Turkey summoned the U.S. ambassador to Ankara on Monday to lodge a formal complaint with the U.S. for how it handled a brawl outside the Turkish Embassy in Washington, D.C., last week. Protesters who were demonstrating against the visit of President Recep Tayyip Erdogan were beaten by members of his security detail, though it’s still unclear how the fight started. Nearly a dozen people were injured, and the incident has threatened an already tense diplomatic relationship.
Turkey’s complaint comes days after the U.S. summoned the country’s ambassador to Washington, and after several prominent U.S. lawmakers, including Arizona Senator John McCain, called on the U.S. to kick out the Turkish envoy. “We should throw the Turkish ambassador out of the country, we should identify those people that performed these unlawful acts of beating people up and they should be charged,” McCain said.

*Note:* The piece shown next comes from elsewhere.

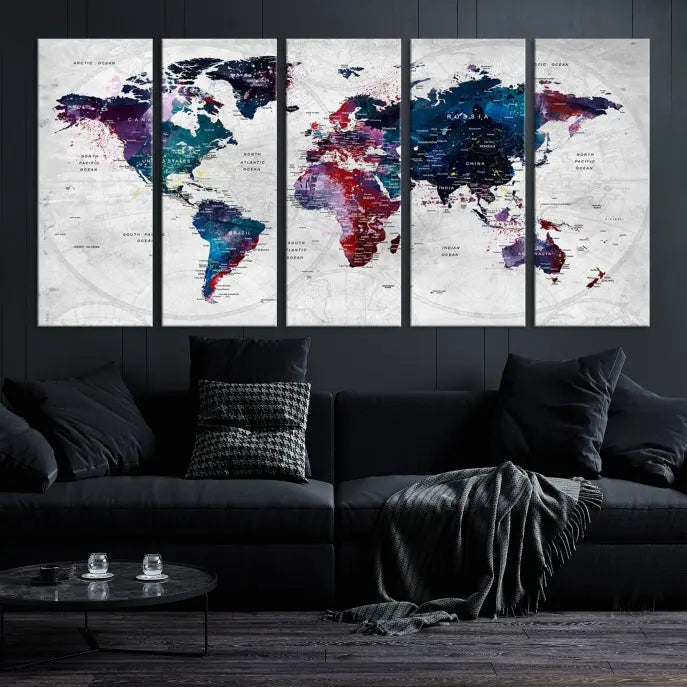 The "World Map Wall Art Watercolor Wall Art Canvas Print," a triptych featuring a vibrant world map, is gallery wrapped on museum-quality canvas and enhances the dark wall.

Summoning the U.S. ambassador John Bass is a way for Turkey to lodge a formal complaint, but it also threatens to make an already-tense situation worse. Last week, Erdogan visited Trump with little official controversy, despite Trump’s decision earlier this month to arm Syrian Kurds, whom the Turkish government sees as terrorists. But protesters had gathered outside the embassy during Erdogan’s visit to denounce his growing authoritarianism. The president has cracked down on dissenters since the failed coup to oust him last year, and reports say about 50,000 have been arrested.